**EXERCISE BRIEF:**
Print every entry below again exactly as written, skipping the pictures.

**Short web captions:**

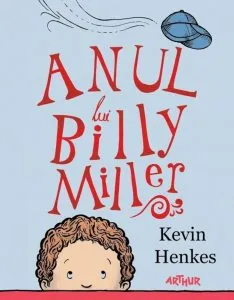 Anul lui Billy Miller de Kevin Henkes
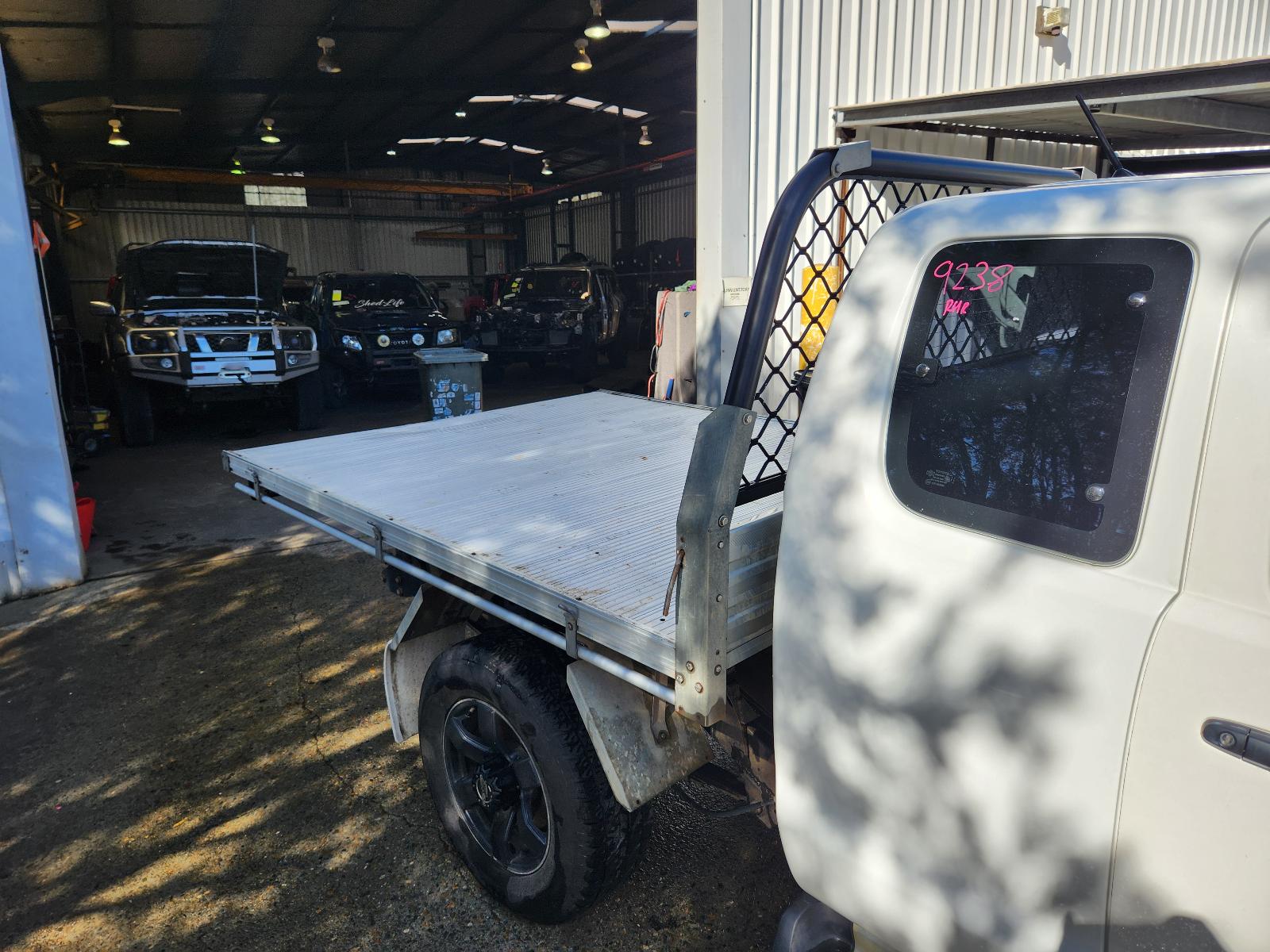 Toyota Hilux 2013 2 Door Pickup View Toyota Hilux 2013 2 Door Pickup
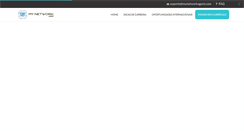 Desktop Screenshot of mynetworkagent.com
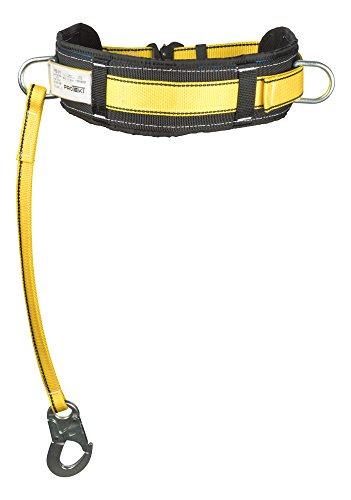 Treeup Arbeitsgurt / Sicherungsgurt PB 31 Gr. M/XL Schutzausrüstung Klettergurt - 2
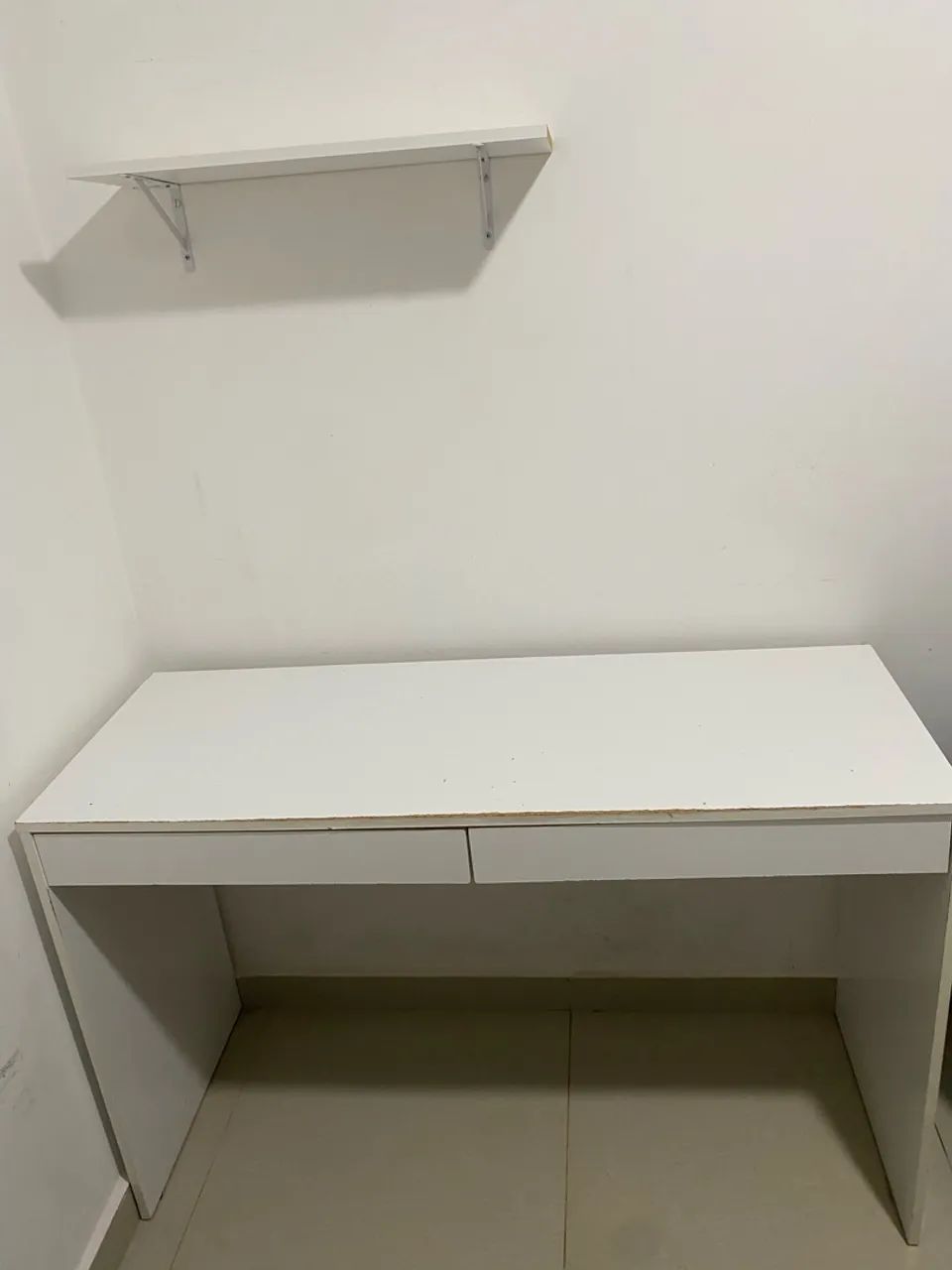 Mesa de estudos + prateleira  - Foto 5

**EXERCISE ANSWER:**
 Anul lui Billy Miller de Kevin Henkes
 Toyota Hilux 2013 2 Door Pickup View Toyota Hilux 2013 2 Door Pickup
 Desktop Screenshot of mynetworkagent.com
 Treeup Arbeitsgurt / Sicherungsgurt PB 31 Gr. M/XL Schutzausrüstung Klettergurt - 2
 Mesa de estudos + prateleira  - Foto 5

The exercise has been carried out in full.